Teenagers, particularly girls, blamed Instagram for anxiety and depression, according to Facebook’s own research.

Internal research conducted by Facebook shows that a large number of teenagers, particularly teenage girls, trace a significant amount of anxiety and mental health problems to Instagram, the Wall Street Journal reported. “Thirty-two percent of teen girls said that when they felt bad about their bodies, Instagram made them feel worse,” a slide in an internal presentation on the results of Facebook’s research said, per WSJ.

These findings, finalised in March 2020, were not made public by the company.
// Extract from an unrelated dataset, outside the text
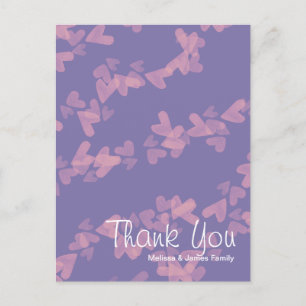 Watercolor Hearts Floating Pink Purple Thank You  Postcard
In a letter written to US lawmakers after the research was conducted, Facebook refused to provide details of research the company conducted on the impact of its social media platforms on young people. The reticence to share this information provoked comparisons to the tobacco industry in the 20th century by two people cited in the WSJ report — Senator Richard Blumenthal and psychology professor Jean Twenge said that Facebook’s behaviour was reminiscent of how the tobacco industry knew that cigarettes were carcinogenic, and did not agree with this assessment until much later.

Facebook is reportedly planning to create an “Instagram for Kids” that leads to fewer of these issues, but the idea is controversial — a group of attorneys general in the US wrote to the company opposing the idea, saying that “this platform appeals primarily to children who otherwise do not or would not have an Instagram account”.

What the findings say: The findings reported by Facebook boil down to these observations, apart from the one mentioned above:

  • One in five teenagers said Instagram makes them feel bad about themselves.
  • Teenagers blame Instagram for increased anxiety and depression, “unprompted”.
  • 6–13% of teens who had suicidal thoughts attributed Instagram as a cause.
  • An experiment to hide “likes” from posts didn’t significantly improve mental health outcomes.

What this could mean in India

The mental health issues caused by social media companies are prevalent enough to have spurred micro-industries: from books like Your Happiness Was Hacked to comedians like Bo Burnham whose comedy frequently addresses the pitfalls of the performative culture we have fallen into with the help of platforms like Instagram — “If you can live your life without an audience, do it” — it is hardly a secret that social media platforms are having significant mental health impacts.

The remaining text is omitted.